In these studies, when evidence that the defendant failed a polygraph test is introduced into the trial, it consistently has failed to affect verdicts or measures related to verdicts (e.g., confidence ratings, strength of evidence ratings). In comparison, in studies in which other forms of equally suspect evidence are also introduced—such as eyewitness testimony, participants have tended to rely heavily on this information when rendering judgments. Moreover, participants fail to draw a distinction among the different types of polygraph test evidence. For example, research has consistently shown that the Guilty Knowledge Test (GKT) is much less likely to result in false positives (i.e., truthful suspects misclassified as deceptive) than is the CQT. Yet when studies have varied the type of polygraph test admitted in instances where the defendant failed the test, again no differences were found. That is, participants are no more trusting of the GKT than they are of the CQT. When researchers have varied whether the polygraph test results indicated that the defendant had passed the test or failed the test, there were again no differences in verdicts when compared with a control group that did not receive polygraph test results in the trial. Finally, because it is possible that participants are less apt to rely on polygraph evidence when other, more reliable forms of evidence are present than when it is the sole evidence against the defendant, researchers have varied the presence of failed polygraph evidence both with and without other corroborating evidence.
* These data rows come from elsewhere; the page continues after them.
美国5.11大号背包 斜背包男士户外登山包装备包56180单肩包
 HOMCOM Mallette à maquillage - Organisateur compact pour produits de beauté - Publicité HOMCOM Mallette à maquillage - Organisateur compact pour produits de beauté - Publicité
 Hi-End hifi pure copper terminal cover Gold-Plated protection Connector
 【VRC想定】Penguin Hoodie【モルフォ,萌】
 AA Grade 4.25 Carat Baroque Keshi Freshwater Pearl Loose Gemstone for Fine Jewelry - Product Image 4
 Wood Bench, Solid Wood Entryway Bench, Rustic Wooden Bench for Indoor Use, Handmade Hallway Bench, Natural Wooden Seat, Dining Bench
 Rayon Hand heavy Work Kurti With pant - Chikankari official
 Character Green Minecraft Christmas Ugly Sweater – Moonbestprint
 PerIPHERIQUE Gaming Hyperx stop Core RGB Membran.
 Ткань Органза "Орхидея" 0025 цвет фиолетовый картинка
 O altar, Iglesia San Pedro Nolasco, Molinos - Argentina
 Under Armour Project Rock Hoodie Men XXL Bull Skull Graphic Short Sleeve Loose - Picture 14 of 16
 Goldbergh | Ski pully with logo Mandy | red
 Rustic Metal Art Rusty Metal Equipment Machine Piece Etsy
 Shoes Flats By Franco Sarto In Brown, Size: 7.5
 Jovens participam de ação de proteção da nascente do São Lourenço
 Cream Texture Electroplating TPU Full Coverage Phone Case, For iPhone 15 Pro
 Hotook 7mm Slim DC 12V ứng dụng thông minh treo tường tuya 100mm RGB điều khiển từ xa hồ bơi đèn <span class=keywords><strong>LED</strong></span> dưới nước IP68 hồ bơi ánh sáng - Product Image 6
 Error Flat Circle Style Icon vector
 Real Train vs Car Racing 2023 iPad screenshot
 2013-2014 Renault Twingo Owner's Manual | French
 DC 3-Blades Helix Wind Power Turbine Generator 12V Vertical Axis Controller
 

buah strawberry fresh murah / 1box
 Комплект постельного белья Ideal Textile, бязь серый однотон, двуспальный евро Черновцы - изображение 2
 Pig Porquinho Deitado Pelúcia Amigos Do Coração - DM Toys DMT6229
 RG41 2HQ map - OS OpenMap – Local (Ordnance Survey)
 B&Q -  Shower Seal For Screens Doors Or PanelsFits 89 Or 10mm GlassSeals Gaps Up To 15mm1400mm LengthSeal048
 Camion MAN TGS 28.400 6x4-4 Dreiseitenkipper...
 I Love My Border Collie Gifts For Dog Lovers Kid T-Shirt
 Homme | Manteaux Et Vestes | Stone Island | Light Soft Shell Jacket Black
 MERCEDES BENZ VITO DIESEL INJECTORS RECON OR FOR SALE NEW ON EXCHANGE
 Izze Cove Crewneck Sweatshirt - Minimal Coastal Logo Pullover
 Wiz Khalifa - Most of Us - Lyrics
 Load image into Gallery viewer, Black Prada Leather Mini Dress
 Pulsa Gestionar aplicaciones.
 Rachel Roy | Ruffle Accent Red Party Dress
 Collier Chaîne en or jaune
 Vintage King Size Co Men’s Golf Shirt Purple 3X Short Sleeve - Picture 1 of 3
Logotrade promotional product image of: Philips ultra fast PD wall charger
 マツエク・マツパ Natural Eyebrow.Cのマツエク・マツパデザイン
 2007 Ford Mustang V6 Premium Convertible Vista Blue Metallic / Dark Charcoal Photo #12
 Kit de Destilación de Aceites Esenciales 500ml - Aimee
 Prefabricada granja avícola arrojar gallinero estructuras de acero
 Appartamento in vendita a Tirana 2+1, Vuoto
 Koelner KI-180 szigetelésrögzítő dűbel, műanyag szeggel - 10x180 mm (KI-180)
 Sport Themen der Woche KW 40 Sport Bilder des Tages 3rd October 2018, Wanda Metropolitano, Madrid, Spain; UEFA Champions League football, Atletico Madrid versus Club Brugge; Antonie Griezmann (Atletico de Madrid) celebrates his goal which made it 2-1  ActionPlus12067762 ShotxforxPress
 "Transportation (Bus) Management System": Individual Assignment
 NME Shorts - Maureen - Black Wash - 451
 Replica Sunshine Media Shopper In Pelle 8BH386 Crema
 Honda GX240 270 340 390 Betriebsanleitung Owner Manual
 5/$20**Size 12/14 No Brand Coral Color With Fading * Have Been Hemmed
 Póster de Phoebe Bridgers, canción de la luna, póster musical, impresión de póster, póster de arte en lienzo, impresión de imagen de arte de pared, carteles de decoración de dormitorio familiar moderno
Again, no differences were found for guilty judgments, as participants were no more likely to rely on polygraph evidence when it was the chief evidence against a defendant than when it was one of many pieces of evidence against the defendant.

However, whereas jurors are rather reluctant to use polygraph evidence in their decisions, the general public appears to be less skeptical of the test than are experts. That is, surveys of experts in areas such as psychophysiology suggest that compared with the general public, they are more uniformly condemning of the value of polygraph tests. The general public tends to be more varied in its beliefs. Moreover, the general public is less inclined to perceive subtle differences in the techniques (e.g., CQT vs. GKT) but rather holds a generally skeptical attitude toward all polygraph tests. What is clear, then, is that despite the opinions of many within the legal community who fear that polygraph evidence may be overly probative in the minds of jurors, the research thus far is consistent in demonstrating that neither are polygraph test results highly valued by jurors nor do jurors place unwarranted trust in the test when rendering judgments concerning the defendant.

References:

  1. Daubert v. Merrell Dow Pharmaceuticals, 509 U.S. 579 (1993).
  2. Frye v. United States, 293 F. 1013 (D.C. Cir. 1923).
  3. Lykken, D. T. (1998). A tremor in the blood: Uses and abuses of the lie detector (2nd ed.). New York: Plenum Press.
  4. Myers, B., Latter, R., & Abdollahi-Arena, M. K. (2006). The court of public opinion: Lay perceptions of polygraph tests. Law and Human Behavior, 30(4), 509-523.
  5. United States v. Alexander, 526 F.2d 161, 164 (8th Cir. 1975).